**ABOUT THIS EXERCISE:**
Leave the pictures behind and reproduce every line of the listing exactly.

**DATA PROVIDED:**
____________
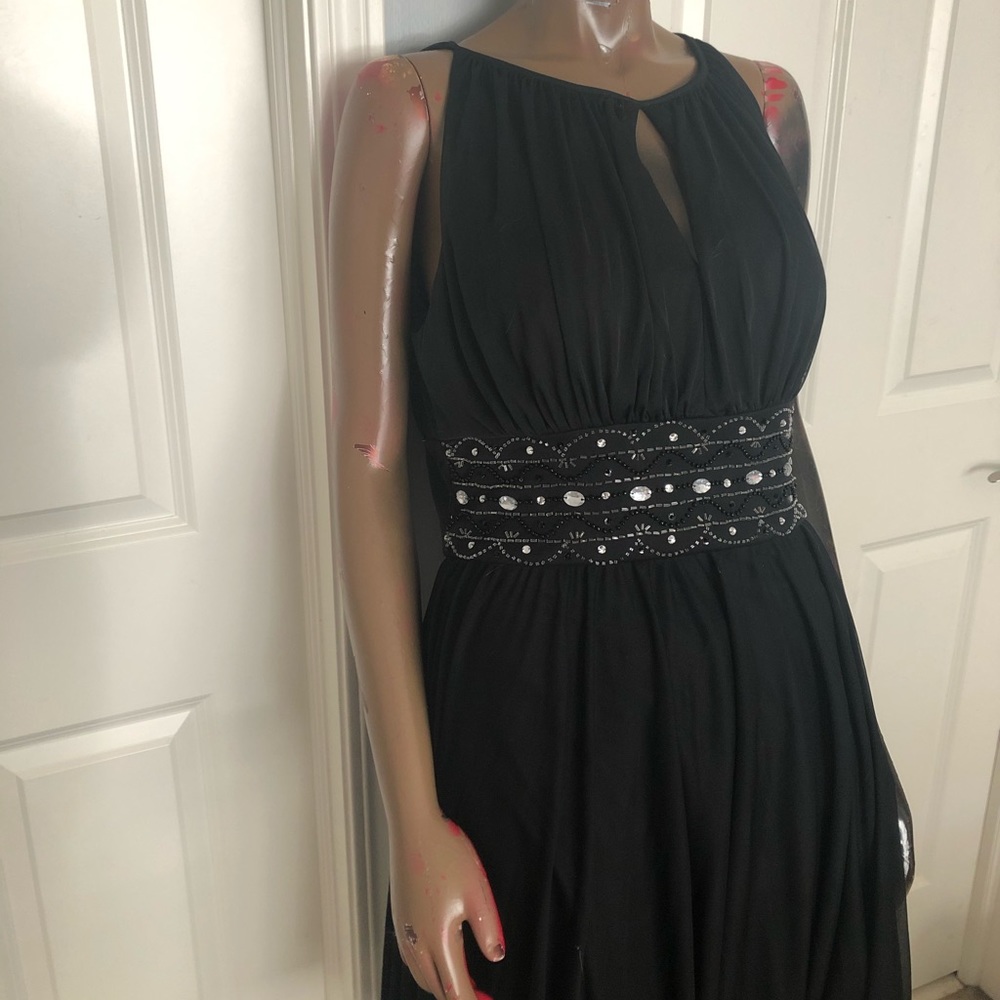 fancy black dress 🖤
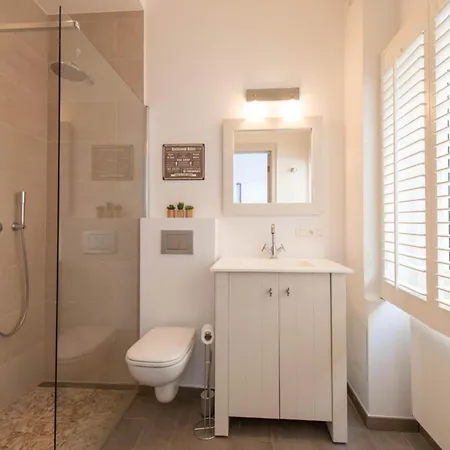 Nyaraló Holiday Home In Ostend Near Beach Promenade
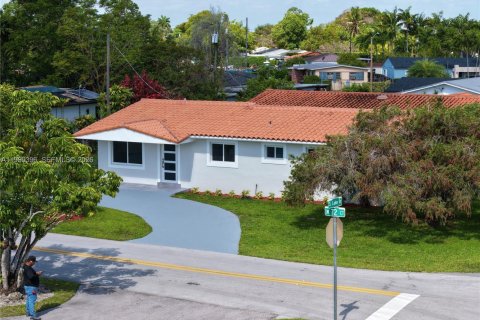 Купить виллу или дом в Майами, Флорида 4 спальни, 131.27м2, № 2065258 - фото 8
____________
**RESULT OF THE TASK:**
 fancy black dress 🖤
 Nyaraló Holiday Home In Ostend Near Beach Promenade
 Купить виллу или дом в Майами, Флорида 4 спальни, 131.27м2, № 2065258 - фото 8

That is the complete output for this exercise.